There seem to be a number of cases in section 4 of assuming a solution, rather than stating the requirements.

2) After postulating a business model in which the network operator and the content provider are distinct, the requirements then assert that content distribution control is the network's job. Enabling the content provider to ensure that only authorized users get content is the network's job. But the methods for doing so should be left to the solution, not the requirements. (And then makign the requirement a network option makes it even more confusing.)

3) The item on Sharing Program Data seems to have some sort of assumption about how information is managed. Since I can easily envision architectures for the separation, which allow multicast, which do not required what the document calls "Shard Programming data", there seems to be a problem here.

4) In section 5, the documents appears to assume that the network must and needs to unilaterally decide whether to admit users to multicast trees. It also states that this is needed for QoS protection. Given the nature of multicast, both statements are likely misleading.

5) The last paragraph of section 5 seems to assert that the operator could choose not to deliver some multicast streams to some subscribers if this would adversely affect the QoS experienced by other users. I think that there are serious problems with such an assertion appearing in an IETF informational document.

6) The section on concomitant requirements mixes items of a different nature together. It has one item that really belongs in this document, namely scale. It has one very confusing item, namely Small Impact on the Existing Product. And the rest of the items in teh section do not belong in this document at all.

6') On the "Small Impact" item, given that different operators have deployed different solutions, using different pieces of technology, it seems very hard to define a solution that has "small" impact on all operators.

7) What is section 9? Is it a diagram of some existing deployment architecture? Is it an effort to define a solution? It does not define any requirements.

Minor issues:
1) I find the approach the document takes to its "requirements" ingenuous, and misleading. The document is actually a proposal for a business model that it wants supported. This business model includes well-respected notions, such as the separation of content providers from network operators. it also includes assumptions about the charging basis for the service, and who needs what visibility to whom. While these may indeed be accurate assumptions, treating them as givens, on the basis of which a set of requirements can be asserted, seems inappropriate.

2) There is a related implicit assumption that individual user usage is somehow related to overall network consumption.

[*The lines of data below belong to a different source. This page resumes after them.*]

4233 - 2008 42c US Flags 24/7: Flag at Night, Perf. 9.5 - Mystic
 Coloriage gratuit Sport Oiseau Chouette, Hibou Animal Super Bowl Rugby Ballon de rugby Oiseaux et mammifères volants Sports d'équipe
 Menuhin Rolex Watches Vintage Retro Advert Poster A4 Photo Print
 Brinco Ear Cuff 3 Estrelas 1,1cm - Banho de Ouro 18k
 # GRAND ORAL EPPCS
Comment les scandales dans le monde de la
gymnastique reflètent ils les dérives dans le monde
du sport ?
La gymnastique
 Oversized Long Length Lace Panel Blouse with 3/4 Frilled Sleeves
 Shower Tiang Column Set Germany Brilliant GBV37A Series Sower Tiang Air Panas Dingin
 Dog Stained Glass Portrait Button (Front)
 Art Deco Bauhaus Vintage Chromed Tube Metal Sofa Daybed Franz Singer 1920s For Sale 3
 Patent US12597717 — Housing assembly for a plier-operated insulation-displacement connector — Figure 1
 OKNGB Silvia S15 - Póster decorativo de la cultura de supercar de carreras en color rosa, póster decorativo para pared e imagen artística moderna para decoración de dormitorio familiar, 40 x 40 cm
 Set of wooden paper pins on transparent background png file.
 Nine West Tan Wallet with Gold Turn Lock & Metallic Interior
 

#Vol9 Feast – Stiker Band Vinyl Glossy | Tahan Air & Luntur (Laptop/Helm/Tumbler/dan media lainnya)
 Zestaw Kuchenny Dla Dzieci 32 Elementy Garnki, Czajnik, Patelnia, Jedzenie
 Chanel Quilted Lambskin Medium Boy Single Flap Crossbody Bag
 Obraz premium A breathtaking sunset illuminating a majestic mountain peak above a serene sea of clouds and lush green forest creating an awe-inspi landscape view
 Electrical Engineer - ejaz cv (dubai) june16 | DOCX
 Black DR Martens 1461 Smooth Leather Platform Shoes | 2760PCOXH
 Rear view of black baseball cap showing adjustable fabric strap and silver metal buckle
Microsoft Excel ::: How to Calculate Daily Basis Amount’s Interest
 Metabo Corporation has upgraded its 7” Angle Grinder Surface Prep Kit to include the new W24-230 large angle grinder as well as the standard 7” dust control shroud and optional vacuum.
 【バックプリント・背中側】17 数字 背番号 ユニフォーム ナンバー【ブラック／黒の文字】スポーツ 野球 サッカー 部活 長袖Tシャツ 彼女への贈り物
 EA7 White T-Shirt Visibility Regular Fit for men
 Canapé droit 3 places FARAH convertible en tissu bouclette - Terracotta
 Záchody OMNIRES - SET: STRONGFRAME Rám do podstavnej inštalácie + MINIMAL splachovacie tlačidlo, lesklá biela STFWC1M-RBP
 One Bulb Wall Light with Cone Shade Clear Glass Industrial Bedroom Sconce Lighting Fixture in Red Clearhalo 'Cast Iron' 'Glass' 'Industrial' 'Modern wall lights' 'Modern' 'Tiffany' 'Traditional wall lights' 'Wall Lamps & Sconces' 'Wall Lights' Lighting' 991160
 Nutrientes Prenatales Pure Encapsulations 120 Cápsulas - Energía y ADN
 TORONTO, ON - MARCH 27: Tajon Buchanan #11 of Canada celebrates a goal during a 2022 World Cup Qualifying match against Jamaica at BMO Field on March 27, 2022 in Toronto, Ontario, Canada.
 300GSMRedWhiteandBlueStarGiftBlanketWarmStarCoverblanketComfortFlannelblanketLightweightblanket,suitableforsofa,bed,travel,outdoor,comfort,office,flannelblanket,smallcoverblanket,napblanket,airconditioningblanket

The whole point of using multicast is to avoid that coupling, i.e. the increase in network consumption is much lower than the increase in user consumption.

3) The paragraph in section 5 on the user edge stream join admissions seems to be about a particular view of how an operator would deliver suitable QoS to a subscriber. This seems to assume certain relationships between the user's requests and the operators network, and certain operational behaviors. They may or may not be accurate. They also appear to be a local matter, having nothing to do with the rest of the document.

4) Given that section 6 calls for a method for deauthorization, it seems that there should be some additional explanation of why reauthorization is needed. This also leads to the question of whether we are expecting the network to enforce the cotnent providers charging relationships with the end user, including expiration of prepaid quanta, and other complexities that are better left purely to the content provider. A pure deauthorization model would seem sufficient.)

5) I do not understand what section 7, on performance requirements, is doing in thsi document. It has a lot to do with whether a given network architecture is suitable for a given content provider's desired end customer interaction. But it has nothing to do with the accounting or customer identification problems that this document says that it deals with.

Nits/editorial comments:
The document style does not make clear what the actual requirements are.